We have contacted all the feed mills that we could find that make sacked poultry feed in the US. From material they have sent us or from their website, we have learned that these 29 mills make 59 different starter feeds for chickens, waterfowl and game birds. Of these 59 starter feeds, 19 have a medication in them to control coccidiosis.
To investigate this further, I asked for the assistance of Dr. Larry McDougal of the University of Georgia and Dr. Alison Martin of the Livestock Conservancy. Both of these individuals have done extensive work with coccidiosis. They found research that had been done here in the United States and abroad on the effect of these four drugs on waterfowl. As Dr.
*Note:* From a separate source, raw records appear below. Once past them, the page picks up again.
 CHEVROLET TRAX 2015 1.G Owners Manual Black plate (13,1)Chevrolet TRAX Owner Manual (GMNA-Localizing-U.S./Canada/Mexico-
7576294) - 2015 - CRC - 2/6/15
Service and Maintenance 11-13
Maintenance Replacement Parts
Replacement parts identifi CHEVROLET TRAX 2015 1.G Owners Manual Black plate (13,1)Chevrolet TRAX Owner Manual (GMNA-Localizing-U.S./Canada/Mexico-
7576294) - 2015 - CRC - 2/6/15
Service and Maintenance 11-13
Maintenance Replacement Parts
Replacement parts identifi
McDougal said “Not one of these papers described any harmful effects to waterfowl except where the normal dosage was significantly overdosed.”
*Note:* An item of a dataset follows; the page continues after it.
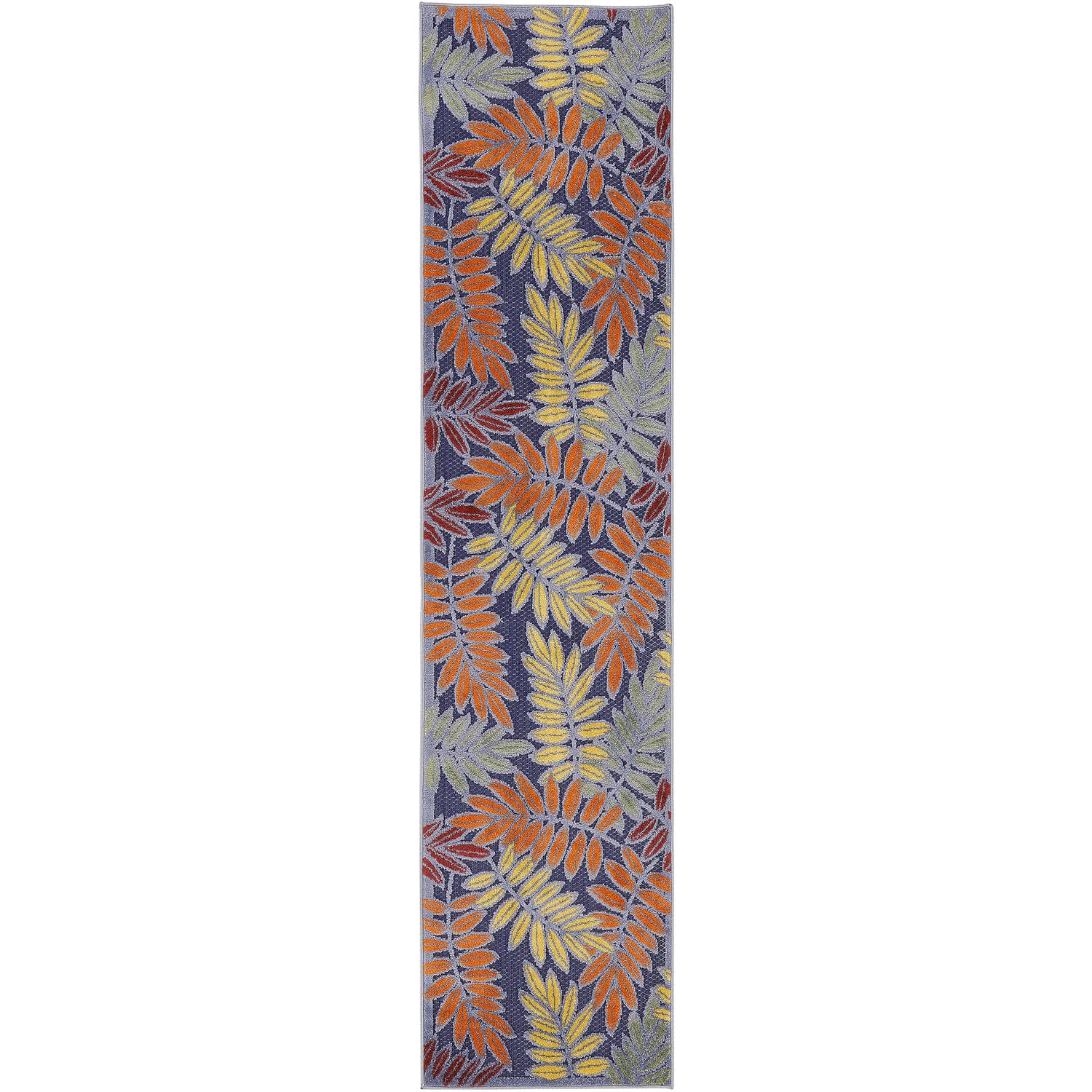 Nourison Aloha Indoor-Outdoor Navy Multicolor 2'3' X 8' Area Rug, Easy Cleaning, Non Shedding, Bed Room, Living Room, Dining Ro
Many of you have heard of Dave Holderread, of Holderread’s Waterfowl Farm in Oregon. Dave is an expert on waterfowl and an ultimate waterfowl breeder. He conducted research on coccidiostats with Oregon State University in 1982 (1). His paper states “Frequently publications pertaining to waterfowl state that medicated feeds should not be fed to ducklings and goslings. In some localities, producers and hobbyists who raise a small number of ducklings and goslings can only purchase medicated chick, turkey or game bird starter and grower feeds. Because of the lack of documented information on this subject and the numerous requests for advice on this matter, anticoccidial drugs zoalene, sulfaquinoxaline and amprolium were mixed in mash feed and fed to ducks up to four weeks of age.”
Have there been coccidiostats used in the past that were harmful to waterfowl? Probably and that is why the myth began. But those drugs are no longer allowed or no longer used in the United States.